**TASK:**
Everything in the listing below should be repeated verbatim, apart from the pictures.

**DATA:**
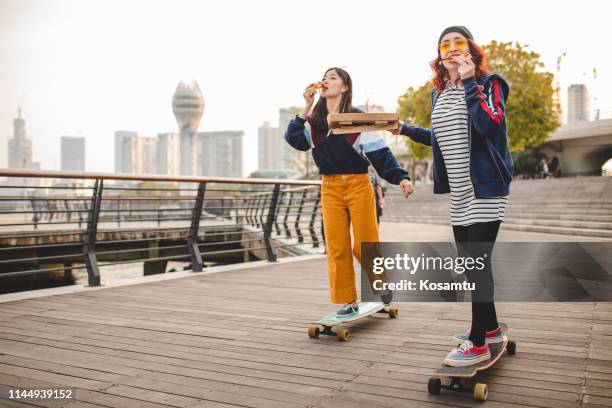 mujeres hipster comiendo pizza y montando tablas largas - asian teenager fotografías e imágenes de stock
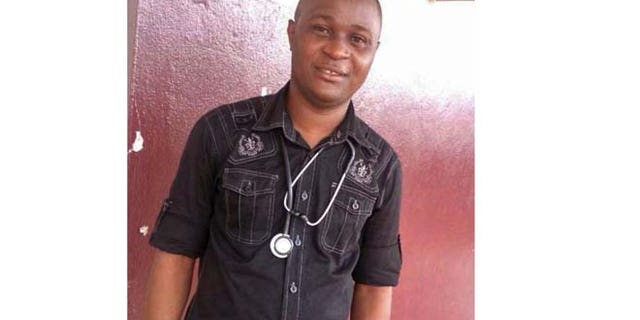 Dec. 1, 2014: Ebola virus survivor Doctor Komba Songu-Mbriwa poses for a photo at the Hastings Ebola Treatment Centre on the outskirts of the capital city of Freetown, Sierra Leone. (AP)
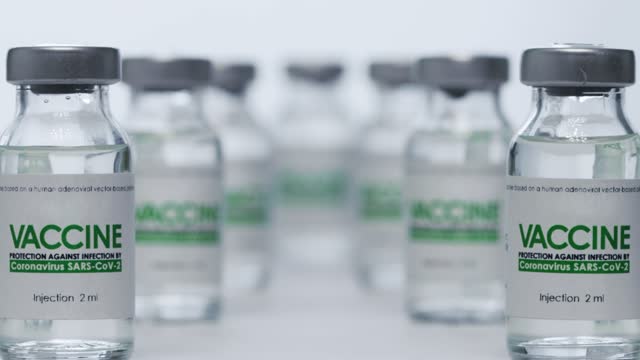 Las-botellas-de-la-vacuna-para-la-cura-del-coronavirus-COVID-19-se-encuentran-en-el-laboratorio-de-investigación-antes-de-la-inyección.-Vacunación,-ensayo-clínico-durante-la-pandemia.-Flacones,-viales.-Amplia-macro-slider-dolly-out-shot.-SARS-CoV-2.-Na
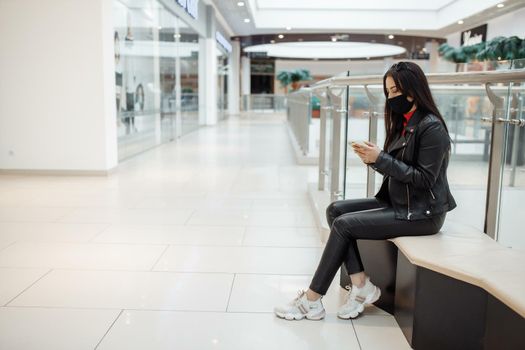 Girl with medical black mask and mobile phone in a shopping center. Coronavirus pandemic. A woman with a mask is standing in a shopping center. A girl in a protective mask is shopping at the mall.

**OUTPUT BELOW:**
 mujeres hipster comiendo pizza y montando tablas largas - asian teenager fotografías e imágenes de stock
 Dec. 1, 2014: Ebola virus survivor Doctor Komba Songu-Mbriwa poses for a photo at the Hastings Ebola Treatment Centre on the outskirts of the capital city of Freetown, Sierra Leone. (AP)
 Las-botellas-de-la-vacuna-para-la-cura-del-coronavirus-COVID-19-se-encuentran-en-el-laboratorio-de-investigación-antes-de-la-inyección.-Vacunación,-ensayo-clínico-durante-la-pandemia.-Flacones,-viales.-Amplia-macro-slider-dolly-out-shot.-SARS-CoV-2.-Na
 Girl with medical black mask and mobile phone in a shopping center. Coronavirus pandemic. A woman with a mask is standing in a shopping center. A girl in a protective mask is shopping at the mall.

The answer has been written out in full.